Cemil Gülseren


Güller vadisinin nadide gülü;


Güller vadisinin nadide gülü;

Es-Seyyid Şeyh Osman Hulûsi Efendi

 

Otuz Yapraklı Gül Şehri’nin Sevdalısı Dostlarım,

Sorarım size: Gülü bilmeyen var mı? Elbette “Yok” diyeceksiniz. Peki sevmeyen ya da görünce koklamadan geçemeyen… Yok, yok. O halde deyivereyim kardaşım;

Çekemezsen gülün nazını / Ne dikene dokun, ne gülü incit

Darendeli merhum Hanifi Hoca, Darende Tarihi ile ilgili notlarında bu şehre 2000 sene evvel Rumların “Tıryandafil” ismini verdiklerinden bahseder ki Türkçesi OTUZ YAPRAKLI GÜL ŞEHRİ demek imiş. Bu şehir en az 4000 yıllık bir şehir arkadaş. Şairin dediği gibi gitmesek de, gelmesek de… Sevsek de, sevmesek de bir sevdadır Darende. Sen sevmeyi bilmezsen yazık. Nedir senin çektiğin? Seninki yaşamak mı sanki?

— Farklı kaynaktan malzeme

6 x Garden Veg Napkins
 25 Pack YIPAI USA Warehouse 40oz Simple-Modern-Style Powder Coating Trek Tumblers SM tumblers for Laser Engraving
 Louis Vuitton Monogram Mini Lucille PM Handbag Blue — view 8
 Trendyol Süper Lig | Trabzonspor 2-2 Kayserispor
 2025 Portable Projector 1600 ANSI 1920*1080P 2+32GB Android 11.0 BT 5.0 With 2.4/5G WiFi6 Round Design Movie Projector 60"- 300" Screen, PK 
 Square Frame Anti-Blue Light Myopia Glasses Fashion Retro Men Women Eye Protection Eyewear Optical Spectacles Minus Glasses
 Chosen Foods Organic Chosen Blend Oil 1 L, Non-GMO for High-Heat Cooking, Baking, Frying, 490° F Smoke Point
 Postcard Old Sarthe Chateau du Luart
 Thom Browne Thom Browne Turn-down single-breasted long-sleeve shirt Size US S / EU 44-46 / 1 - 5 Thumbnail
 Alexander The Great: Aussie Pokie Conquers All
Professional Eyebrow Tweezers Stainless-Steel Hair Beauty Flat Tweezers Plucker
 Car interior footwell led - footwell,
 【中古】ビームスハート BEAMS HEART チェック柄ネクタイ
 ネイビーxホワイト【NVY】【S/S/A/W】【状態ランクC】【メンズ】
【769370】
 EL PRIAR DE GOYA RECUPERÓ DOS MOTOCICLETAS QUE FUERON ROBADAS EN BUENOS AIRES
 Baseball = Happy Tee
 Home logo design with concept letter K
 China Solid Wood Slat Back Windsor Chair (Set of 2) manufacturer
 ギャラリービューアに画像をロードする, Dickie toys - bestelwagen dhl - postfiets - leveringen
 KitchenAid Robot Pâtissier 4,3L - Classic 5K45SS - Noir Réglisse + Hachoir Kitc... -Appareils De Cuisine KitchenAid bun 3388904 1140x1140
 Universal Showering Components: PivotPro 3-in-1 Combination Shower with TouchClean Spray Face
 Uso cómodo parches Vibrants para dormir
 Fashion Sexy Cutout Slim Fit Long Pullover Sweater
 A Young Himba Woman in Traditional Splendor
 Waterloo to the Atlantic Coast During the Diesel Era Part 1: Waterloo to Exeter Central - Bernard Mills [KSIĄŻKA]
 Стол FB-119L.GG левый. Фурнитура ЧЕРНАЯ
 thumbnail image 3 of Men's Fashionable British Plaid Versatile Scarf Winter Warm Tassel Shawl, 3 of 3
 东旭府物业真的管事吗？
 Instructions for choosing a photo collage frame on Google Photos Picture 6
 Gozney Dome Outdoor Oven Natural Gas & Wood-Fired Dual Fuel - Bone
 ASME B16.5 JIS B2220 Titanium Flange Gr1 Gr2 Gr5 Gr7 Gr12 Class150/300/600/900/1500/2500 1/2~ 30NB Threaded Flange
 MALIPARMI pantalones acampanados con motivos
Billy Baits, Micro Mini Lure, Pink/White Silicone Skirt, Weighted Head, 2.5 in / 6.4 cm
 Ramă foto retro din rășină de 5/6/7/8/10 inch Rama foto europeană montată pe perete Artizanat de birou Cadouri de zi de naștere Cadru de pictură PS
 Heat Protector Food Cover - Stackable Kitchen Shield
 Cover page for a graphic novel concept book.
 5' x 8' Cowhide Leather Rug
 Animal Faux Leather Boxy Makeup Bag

 Bu şehirde yaşamak yahut bu şehri yaşamak gülle tanışmakla başlar. Burada gönüller ‘gül’dür. Gönül alırsın, gül satarsın. Çerçisinin bile sattığı gül esansıdır. Sıla seni yaktıkça, gönüllerde güller açtıkça bir gül kokusu yayılır gider. Gül yüzlü okumuşlar omuzlarında kitaplar satarlar. Yâdında hep memleket özlemi vardır. Eşin, yoldaşın, kardaşın yolunu gözler. Yârânın gülücükler saçar sen gelende. Sen gezginci esnaftın bir zamanlar. İl il dolaştın bilgilendin, ilgilendin. Kütüp hatmettin, tekellim nareledin. Döndün, gülümseyen gözlerle. Yedirdin, içirdin, ağırladın, azizledin. Gülen gözlerle büyüklerin ellerini öptün, hayır dualarını aldın, gönüllerini şen eyledin. Gönüller yaptın ise ahiretin de gülşen olsun kardaşım.

Şimdi gül devri

Bu şehrin insanları birbirleriyle, komşularıyla gül gibi geçinip gitmişler. Bu dediğimiz GÜL NESLİ yüzyıllardır sürüp gitmektedir. Güllerin Efendisi sende yetişmiş, gönüllerin efendisi sende mukim. Bu şehre, gül nesli şeref verir, anlam verir, değer katar. Müşerref olmak, anlamak, değer bilmek bize kalmıştır. Deniz, derya içindeki balık misal güller arasında gülü koklayamıyorsak, ne desek boş. Sen sende arabulamadığının izini. Güller vadisini keşfe çıkmamışsan sen ne ararsın boşuna?..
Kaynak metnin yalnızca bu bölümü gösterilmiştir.